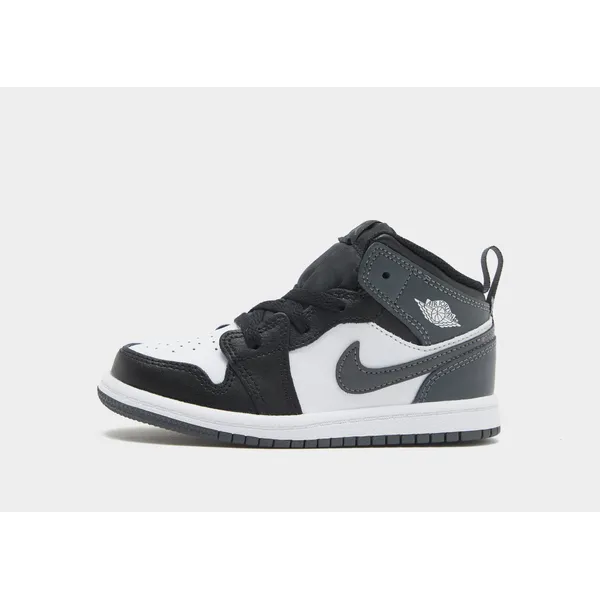 Jordan Schoenen voor baby's/peuters Jordan 1 Mid Alt - Zwart, Zwart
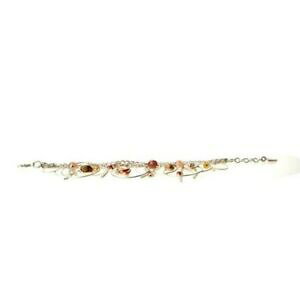 �y���������z�W���G���[�E�A�N�Z�T���[ �Z���`�t�@���V�[�u���X���b�g�A�C�f�Abracelet fantaisie pour femme guess avec perle 20 cm idee de cadeau femme s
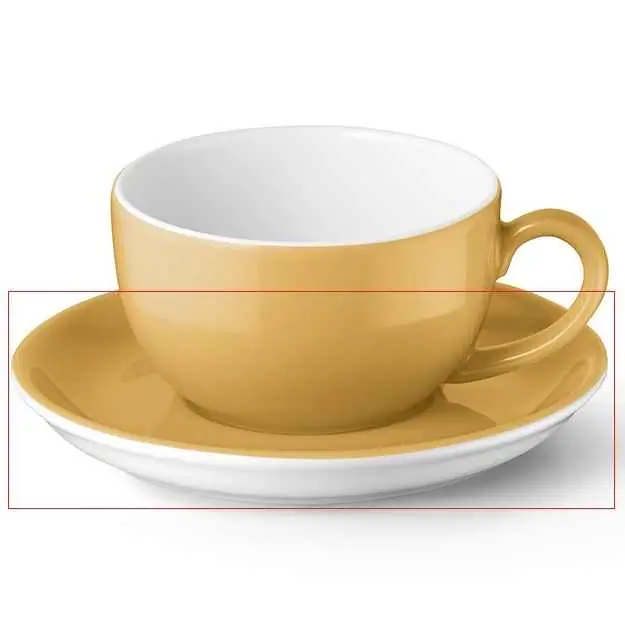 Dibbern Kaffee Untertasse BERNSTEIN Bild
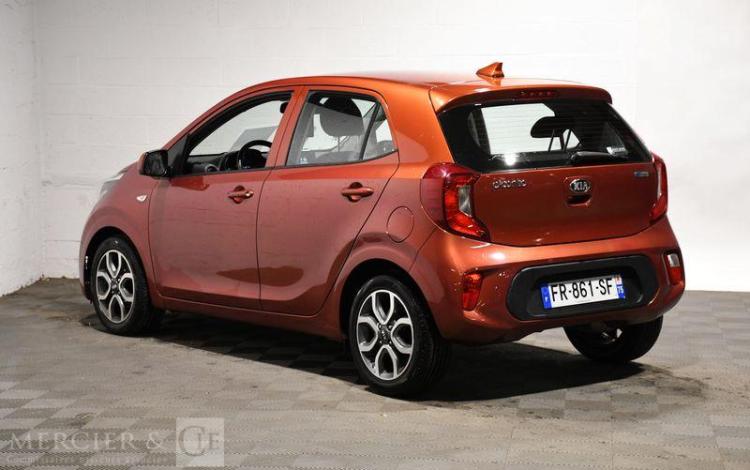 KIA PICANTO MPI 67 URBAN MARRON FR-861-SF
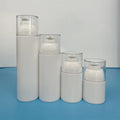 Empty 1oz 2oz 3oz 4oz 5oz Luxury Plastic Airless Facial Serum Bottle Plastic Lotion Bottles with Pump Lotion Packaging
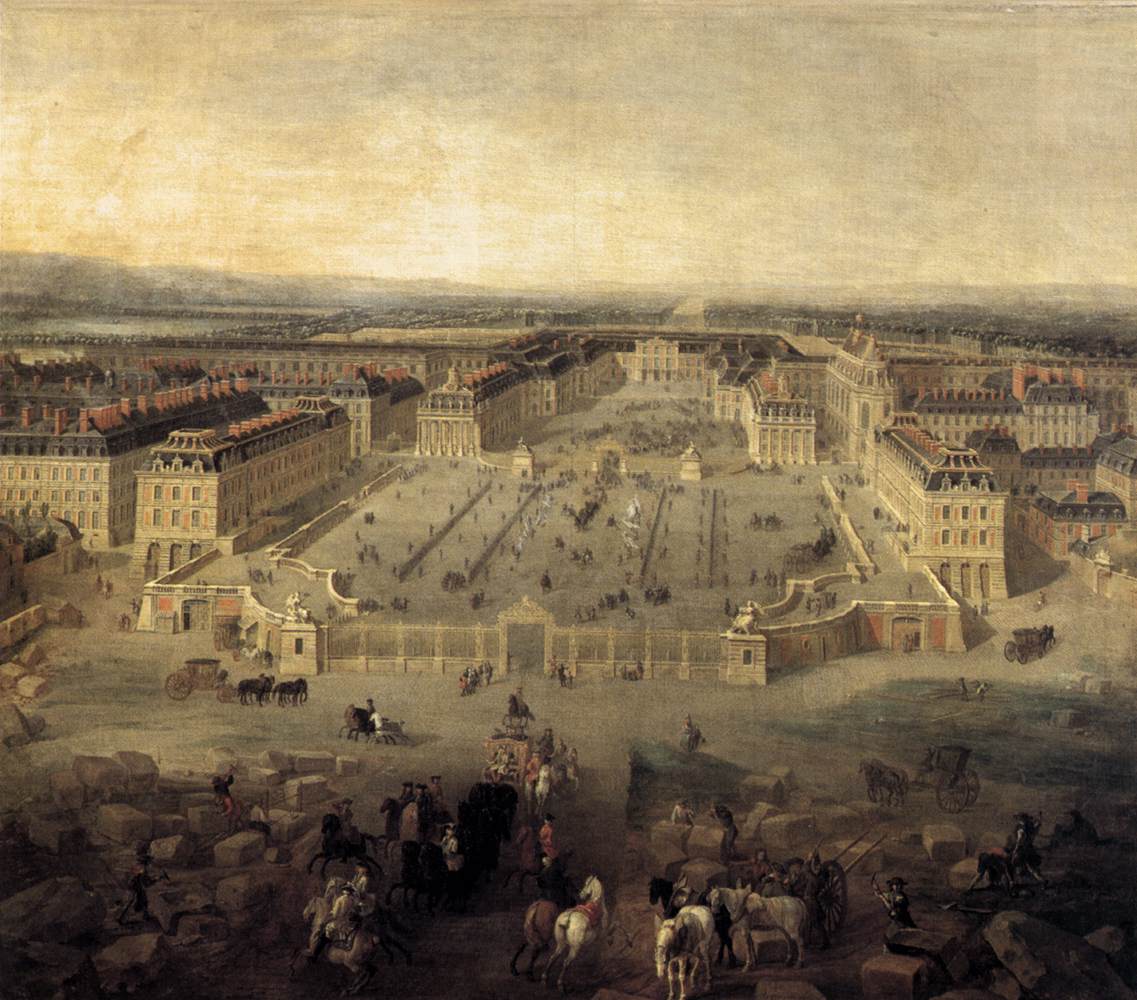 Vista de Versalles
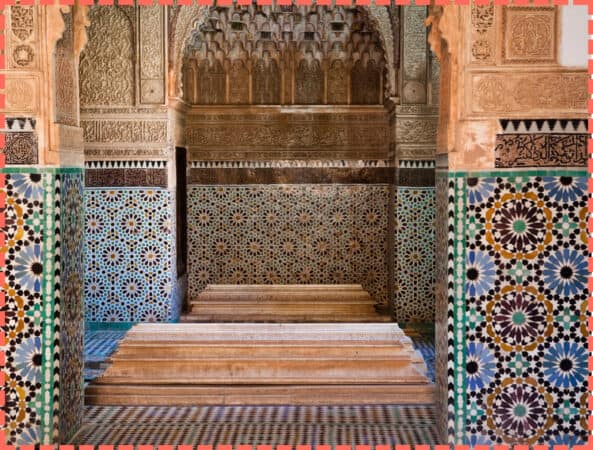 Tumbas Saadíes: Un Capítulo de la Historia de Marrakech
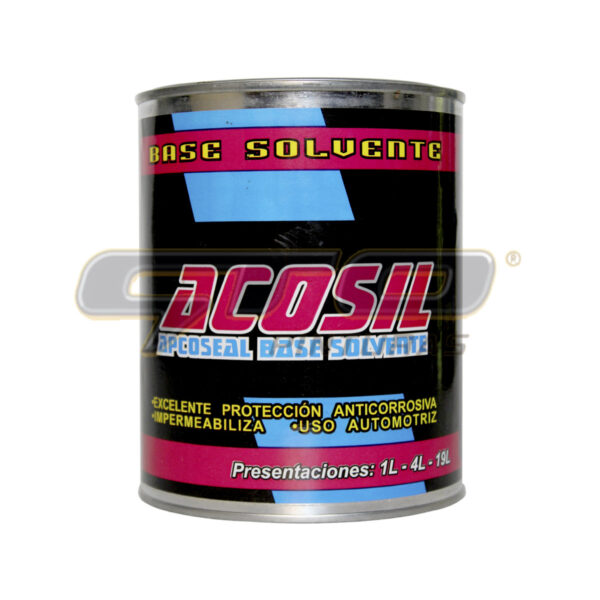 ACOSIL BASE SOLVENTE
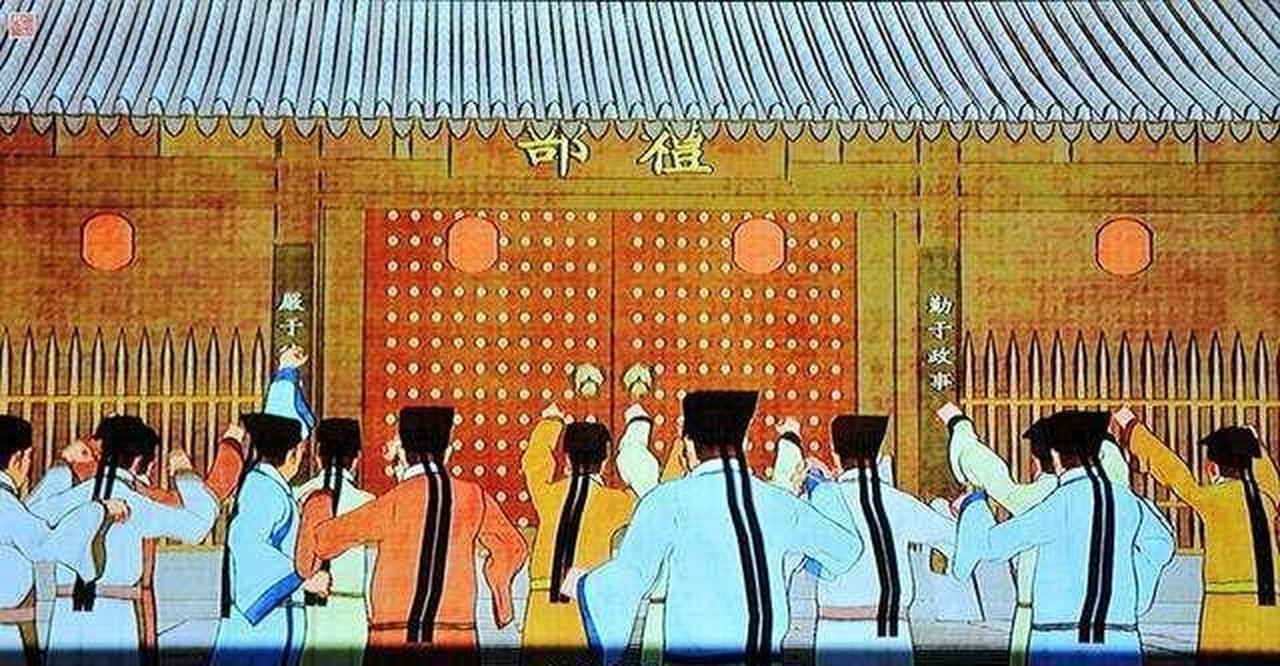 清代殿试的完整流程是什么，从进场答卷到金榜张贴前后需要几天？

☆ ☆ ☆ ☆

What you have to do: Output exactly the lines from the one that has "Empty 1oz 2oz" through the end of the data. Do not include pictures.

Task result:
 Empty 1oz 2oz 3oz 4oz 5oz Luxury Plastic Airless Facial Serum Bottle Plastic Lotion Bottles with Pump Lotion Packaging
 Vista de Versalles
 Tumbas Saadíes: Un Capítulo de la Historia de Marrakech
 ACOSIL BASE SOLVENTE
 清代殿试的完整流程是什么，从进场答卷到金榜张贴前后需要几天？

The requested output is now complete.